2020-04-02 06:28:39

by Singh, Balbir

[permalink] [raw]
Subject: [PATCH 0/3] arch/x86: Optionally flush L1D on context switch

Provide a mechanisn to flush the L1D cache on context switch. The goal
is to allow tasks that are paranoid due to the recent snoop assisted data
sampling vulnerabilites, to flush their L1D on being switched out.
This protects their data from being snooped or leaked via side channels
after the task has context switched out.

The core of the patches is patch 3, the first two refactor the code so
that common bits can be reused.

Changelog:
- Refactor the code and reuse cond_ibpb() - code bits provided by tglx
- Merge mm state tracking for ibpb and l1d flush
- Rename TIF_L1D_FLUSH to TIF_SPEC_FLUSH_L1D

Changelog RFC:
- Reuse existing code for allocation and flush
- Simplify the goto logic in the actual l1d_flush function
- Optimize the code path with jump labels/static functions

The RFC patch was previously posted at

https://lore.kernel.org/lkml/[email protected]/

Balbir Singh (3):
arch/x86/kvm: Refactor l1d flush lifecycle management
arch/x86: Refactor tlbflush and l1d flush
arch/x86: Optionally flush L1D on context switch

arch/x86/include/asm/cacheflush.h | 6 ++
arch/x86/include/asm/thread_info.h | 6 +-
arch/x86/include/asm/tlbflush.h | 2 +-
arch/x86/include/uapi/asm/prctl.h | 3 +
arch/x86/kernel/Makefile | 1 +
arch/x86/kernel/l1d_flush.c | 85 +++++++++++++++++++++++++++
arch/x86/kernel/process_64.c | 10 +++-
arch/x86/kvm/vmx/vmx.c | 56 +++---------------
arch/x86/mm/tlb.c | 92 +++++++++++++++++++++++-------
9 files changed, 189 insertions(+), 72 deletions(-)
create mode 100644 arch/x86/kernel/l1d_flush.c

--
2.17.1


2020-04-02 06:35:34

by Singh, Balbir

[permalink] [raw]
Subject: [PATCH 2/3] arch/x86: Refactor tlbflush and l1d flush

Refactor the existing assembly bits into smaller helper functions
and also abstract L1D_FLUSH into a helper function.
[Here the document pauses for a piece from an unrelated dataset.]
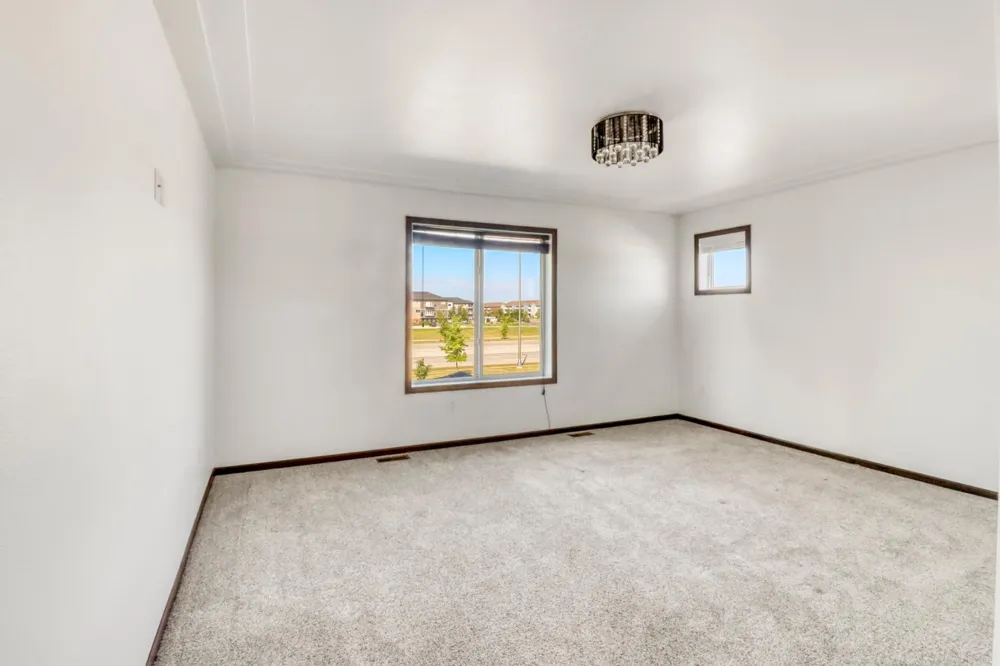 5001 44th Street S Fargo, ND 58104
Use these
functions in kvm for L1D flushing.

Signed-off-by: Balbir Singh <[email protected]>
---
arch/x86/include/asm/cacheflush.h | 3 ++
arch/x86/kernel/l1d_flush.c | 49 +++++++++++++++++++++++++++++++
arch/x86/kvm/vmx/vmx.c | 31 ++++---------------
3 files changed, 57 insertions(+), 26 deletions(-)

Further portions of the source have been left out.